Speaking to students Thursday, Mr. Gilani said writing the letter would be a violation of Pakistan's constitution, amounting to treason, a crime that carries the death penalty.

The prime minister said that if he does not write the letter, he faces a six-month jail term for contempt.

Last week, Pakistan's Supreme Court asked Mr. Gilani to personally write Swiss authorities to reopen an old corruption case against the president.

In February, the court charged Mr. Gilani with contempt for defying its order that he reopen the case. That made the prime minister Pakistan's first chief executive to be indicted while in office.

Mr. Gilani pleaded not guilty and vowed to contest the charges. If convicted, he could lose his job as well as face time in prison.

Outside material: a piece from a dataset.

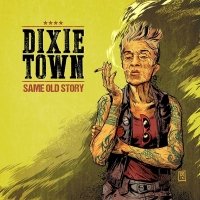 Dixie-Town-publican-nuevo-disco-Same-Old-Story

In December 2009, the Supreme Court struck down a controversial amnesty law passed under the former president Pervez Musharraf that nullified corruption charges against thousands of politicians, including the president, dating back to the 1990s. The court ordered Mr. Gilani's coalition government to revive all the cases within Pakistan and to write a letter to Swiss authorities to do the same.

Prosecutors accuse Mr. Zardari, former Prime Minister Benazir Bhutto and others of laundering millions of dollars through Swiss bank accounts. Ms. Bhutto, President Zardari's wife, was assassinated in 2007.

Mr. Zardari has denied the allegations and Prime Minister Gilani has refused to cooperate, arguing that the president has legal immunity while in office.